In a statement released by APM Terminals, the proposed work is a modernization of the cargo handling activities required to meet new environmental benchmarks being set by both the state and the ports.
“Our company is trying to do exactly what California, the local Air District, the city, the port, environmental groups and local communities have directed marine terminals to do — improve the environment and public health by reducing diesel and greenhouse gas emissions,” the statement said. “And we are doing so under plans to automate operations in the manner that is fully compliant with the coastwise contract between our industry and the members of the International Longshore and Warehouse Union.”

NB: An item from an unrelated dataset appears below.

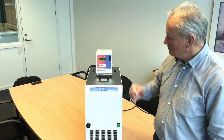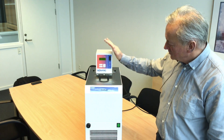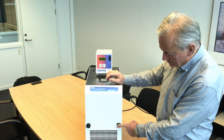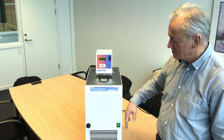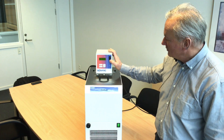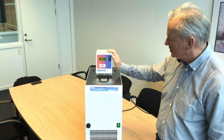We have now assembled the unit — the ChillSafe together with the thermostat on the bridge. Put in the liquid into the bath and turn on the cooling bath itself. The cooling system starts and brings the temperature down to minus 30 degrees Celsius. But now you are able to control the temperature in the liquid by use of the thermostat.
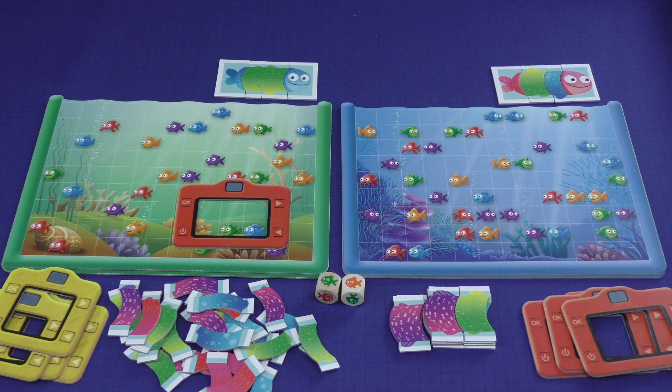And that's how you play Photofish. It's a very simple game — fast-paced, real-time. You roll the dice, you look for the pairs of fish, and you yell click. That's the rules. Just don't turn your viewfinder diagonally. That's it.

APM Terminals contends that the changes are estimated to reduce diesel truck vehicle miles within the terminal by 65 percent. That would be accomplished, the terminal statement said, with “minimal” work “involving basic infrastructure installation such as electrical vehicle chargers, stacked electrical charging for refrigerated containers, traffic barriers and fencing.”
But the inevitable impacts on labor are widely acknowledged.
John Ochs, senior director of West Coast labor and regulatory affairs at APM Terminals, told the union crowd gathered at the Jan. 24 harbor commission meeting that the company was not “insensitive to what this plan will do, not to the workforce today, or next week, or what it’ll do to the workforce 20 years from now.”
He also said he understood that, from the union’s perspective, “The news we’re telling you is horrible.” But, he added, terminal owners have the right to make changes in how the terminal is operated.
Union jobs aren’t the only ones that will be affected, opponents of the change argue. The wages earned by the men and women in those jobs also will be felt in spending cuts at local businesses in the community.
“This is serious business,” ILWU Local 13 President Mark Mendoza told the commissioners on Jan. 24. “You’re talking about medical plans, you’re talking about pension plans, you’re taking about community jobs.”